======== MATERIAL FOR THIS TASK
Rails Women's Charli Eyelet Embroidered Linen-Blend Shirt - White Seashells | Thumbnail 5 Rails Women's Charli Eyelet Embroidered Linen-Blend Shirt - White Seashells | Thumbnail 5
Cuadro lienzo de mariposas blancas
================
======== MATERIAL FOR THIS TASK
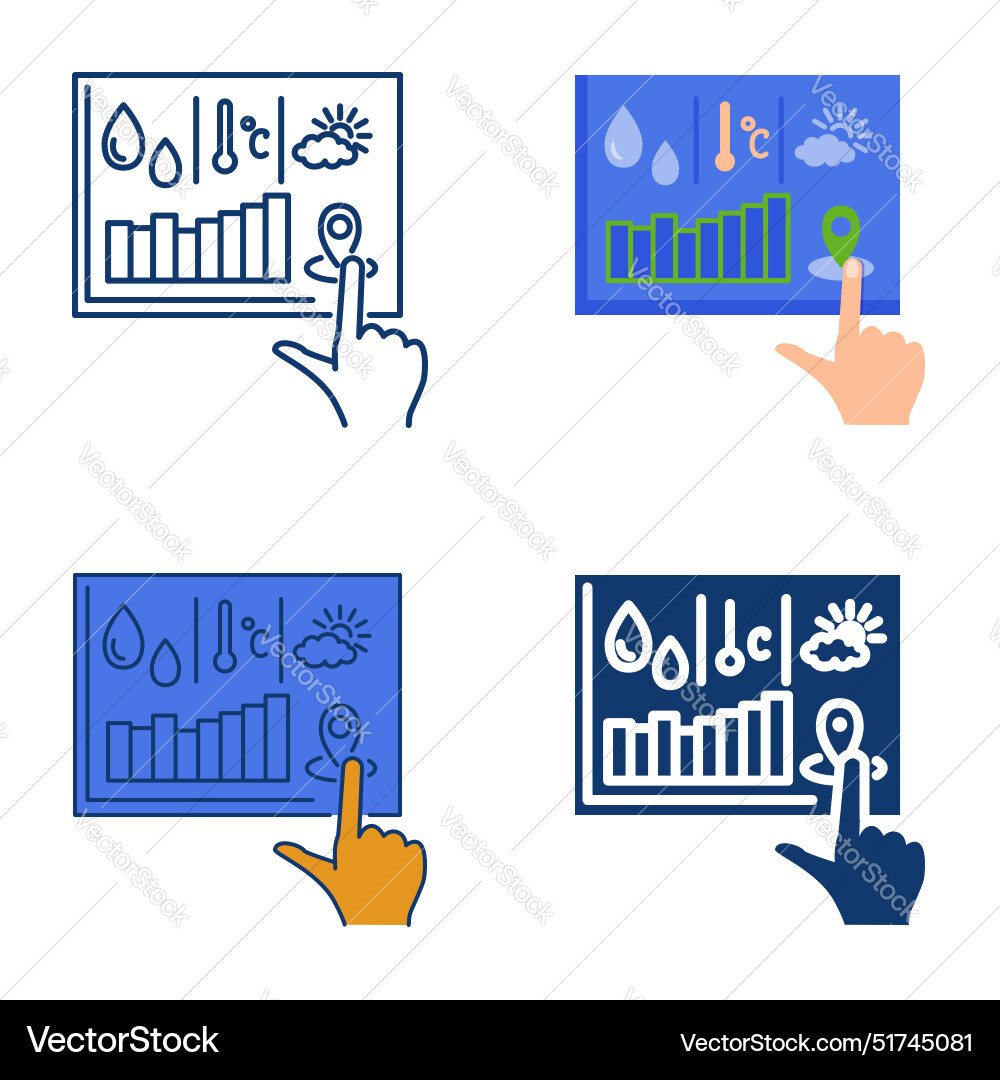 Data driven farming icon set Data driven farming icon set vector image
================
======== MATERIAL FOR THIS TASK
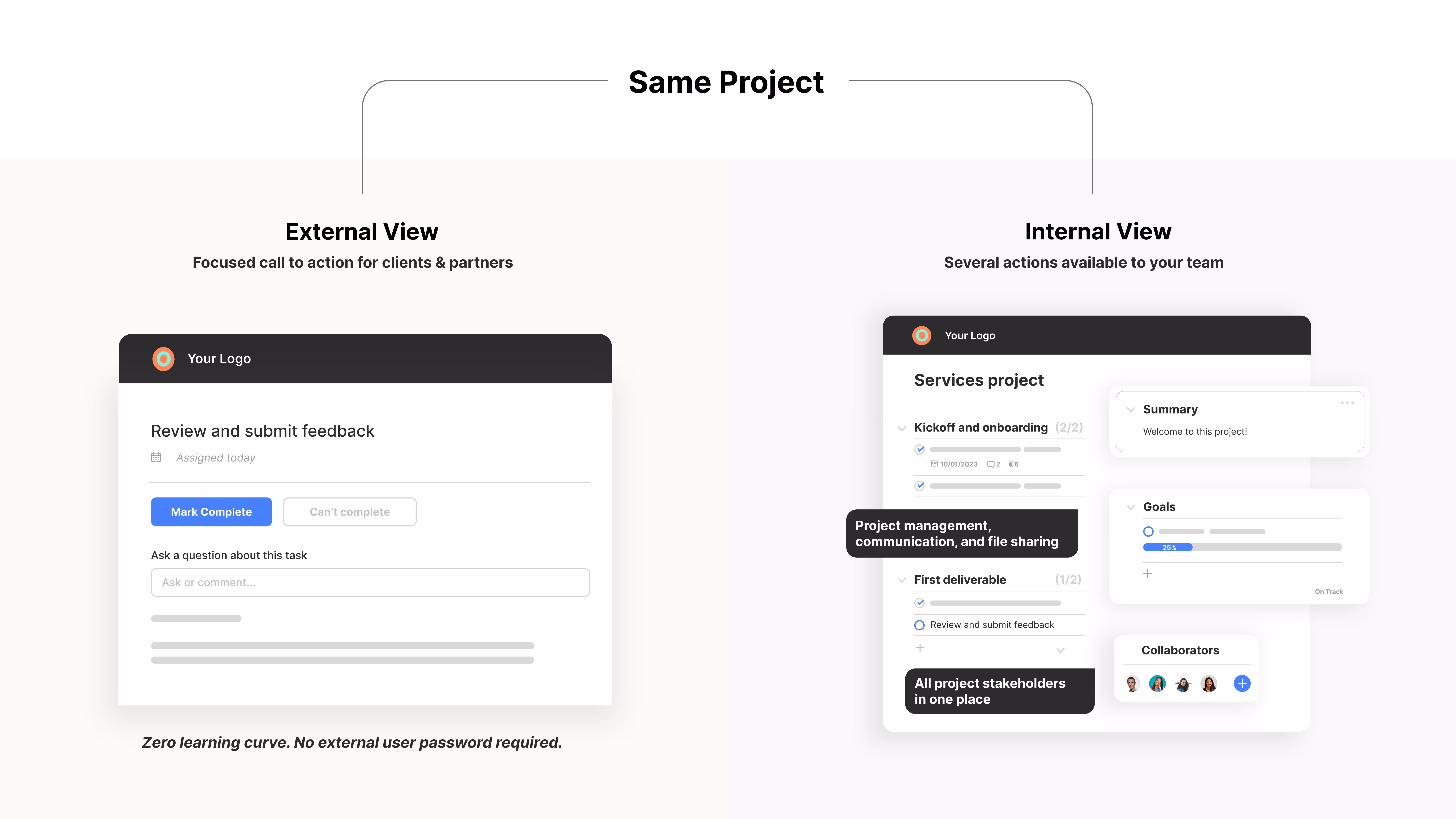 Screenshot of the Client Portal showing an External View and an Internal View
================
* [ACTIVITY] Above are the records; print exactly the lines from the line with "Thumbnail 5 Rails" to the line with "Cuadro lienzo de mariposas blancas", including both, and nothing else.

* [RESULT OF THIS EXERCISE]
Rails Women's Charli Eyelet Embroidered Linen-Blend Shirt - White Seashells | Thumbnail 5 Rails Women's Charli Eyelet Embroidered Linen-Blend Shirt - White Seashells | Thumbnail 5
Cuadro lienzo de mariposas blancas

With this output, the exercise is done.